North America had never been an "empty" land, and at the time of European settlement was settled by Native American tribes with well-shaped and well-functioning societies. The European settlers and the cultural values they brought with them clashed with those of the native inhabitants almost from the minute the English landed at the mouth of the Chesapeake. Prior to the Revolution the whites had gradually pushed those they called "Indians" westward; moreover, the goals and desires of the Europeans, such as colonization, land exploitation and religious conversions, conflicted sharply with native culture. According to some scholars, both Native American tribes and English settlers were in the process of nation-building--processes that unfortunately collided.

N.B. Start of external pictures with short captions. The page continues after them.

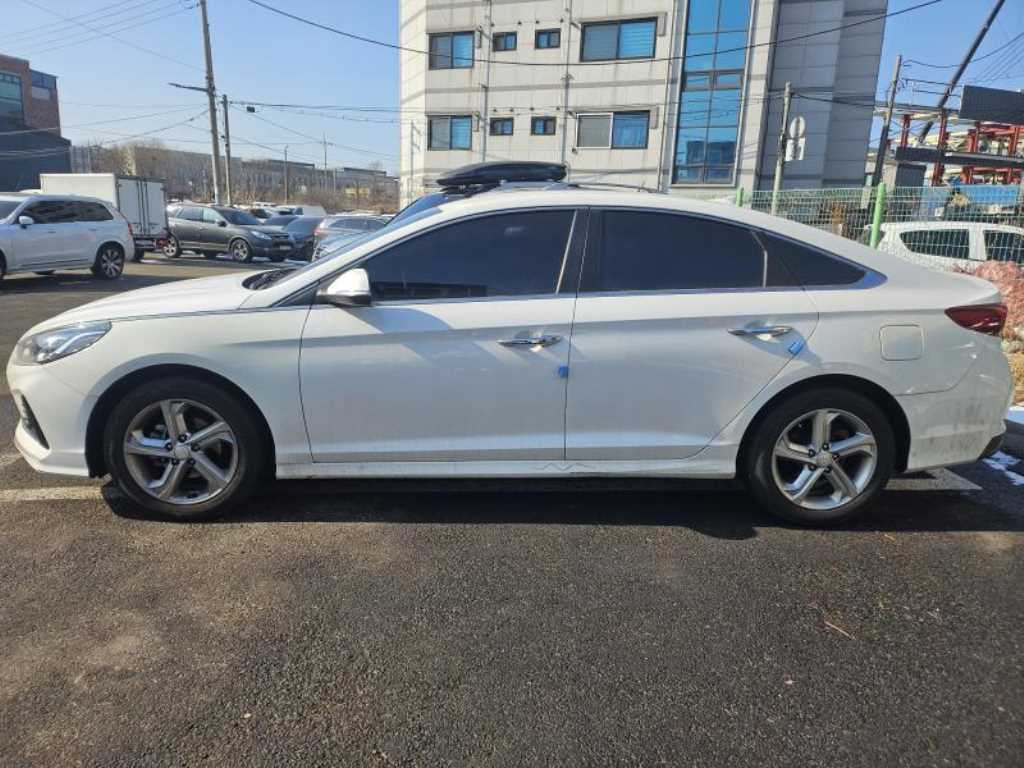 HYUNDAI Sonata - Vista 4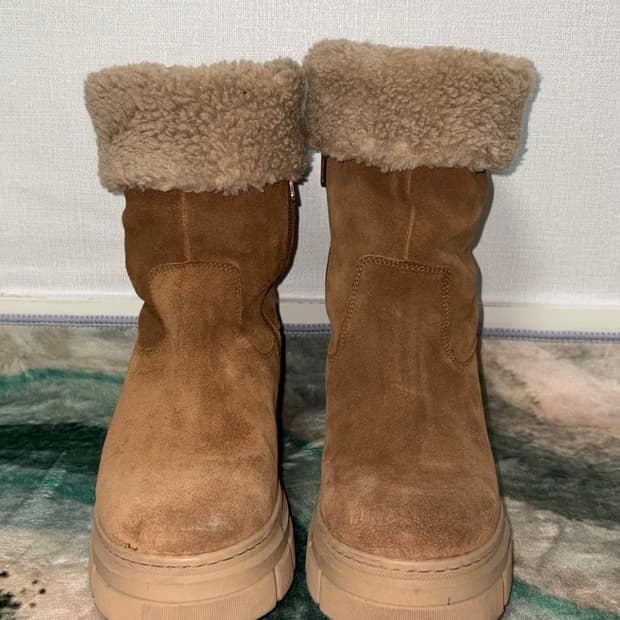 타미힐피거 로미 스웨이드 부츠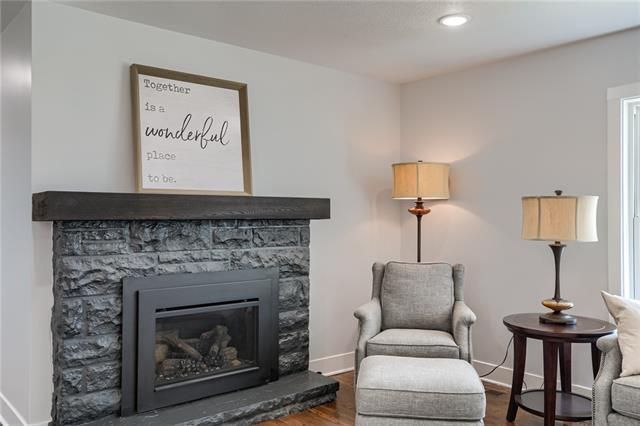 8545 Metcalf Ave, Overland Park, KS 66212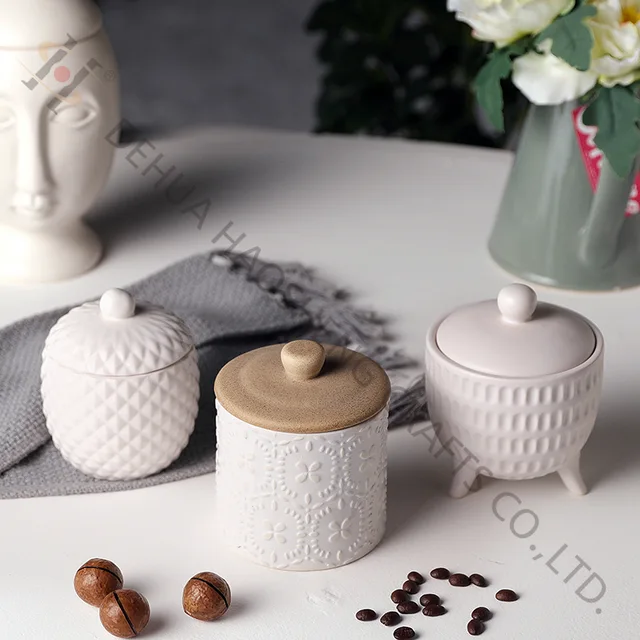 Ceramic Jar wiht emboss pattern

After the establishment of the United States, both state and national leaders recognized that the country had to adopt a national policy toward the Native Americans. Unfortunately, the policy adopted in the 1820s to solve the "Indian problem" was their removal and resettlement in the "Great American Desert." In 1830 Congress passed the Indian Removal Act and appropriated $500,000 for the purpose. Under the presidency of Andrew Jackson some ninety-four removal treaties were negotiated, and by 1840 most of the Indians in the more settled states and territories had in fact been sent west.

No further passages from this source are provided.